**Raw data:**
********

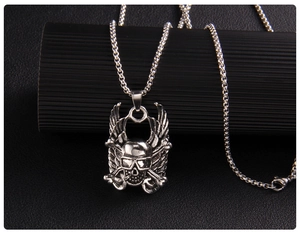 Macro detail of silver skull pendant with wings and crossbones on textured stand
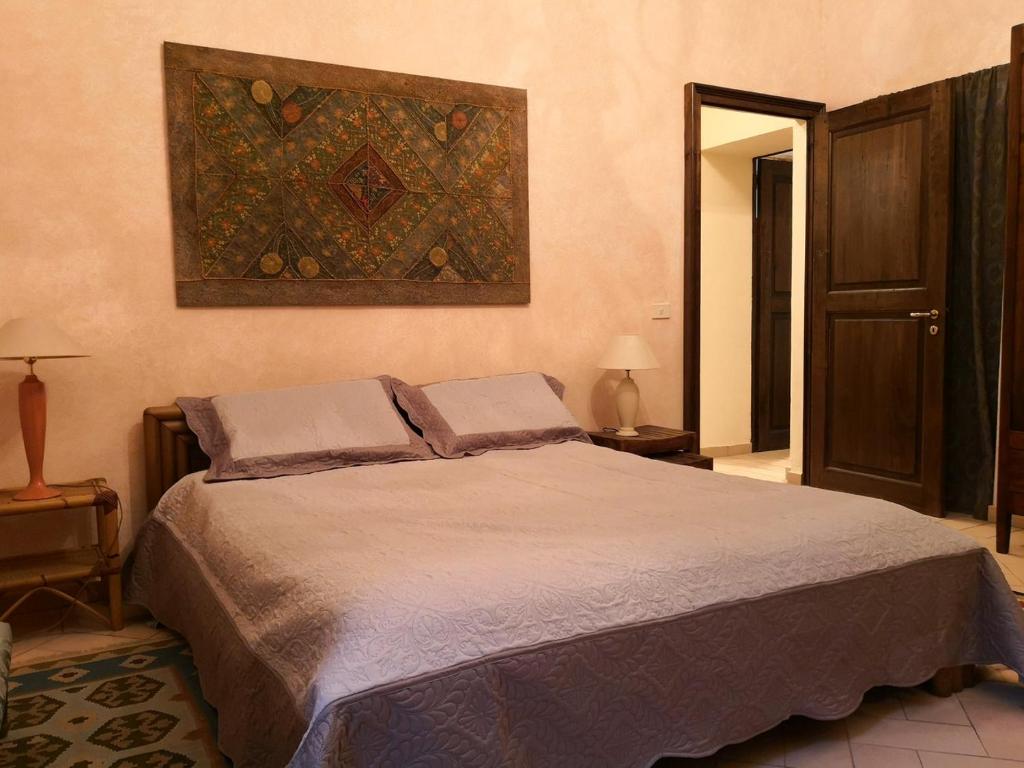 una camera da letto con un letto e un dipinto sul muro di San Giovannina '800 a Casale Monferrato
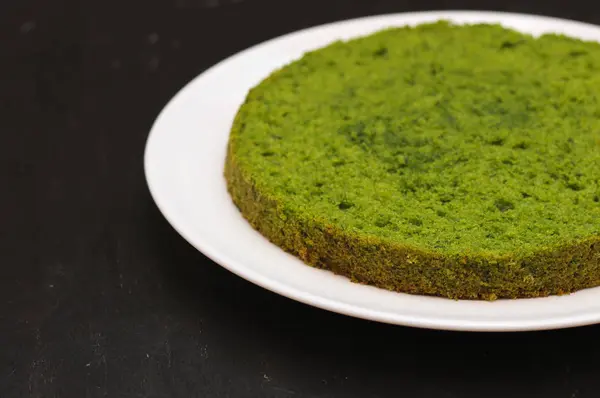 Gâteau à la menthe vert aux épinards ronds sur une assiette blanche sur un fond noir — Photo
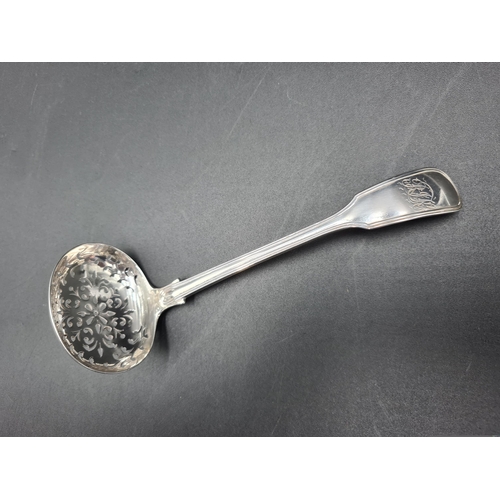 92 - A Victorian silver Sifting Ladle fiddle and thread pattern engraved initials, London 1851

********

**Your objective:**
Reproduce the data above in full, exactly, with the images removed.

**Completed exercise:**
 Macro detail of silver skull pendant with wings and crossbones on textured stand
 una camera da letto con un letto e un dipinto sul muro di San Giovannina '800 a Casale Monferrato
 Gâteau à la menthe vert aux épinards ronds sur une assiette blanche sur un fond noir — Photo
 92 - A Victorian silver Sifting Ladle fiddle and thread pattern engraved initials, London 1851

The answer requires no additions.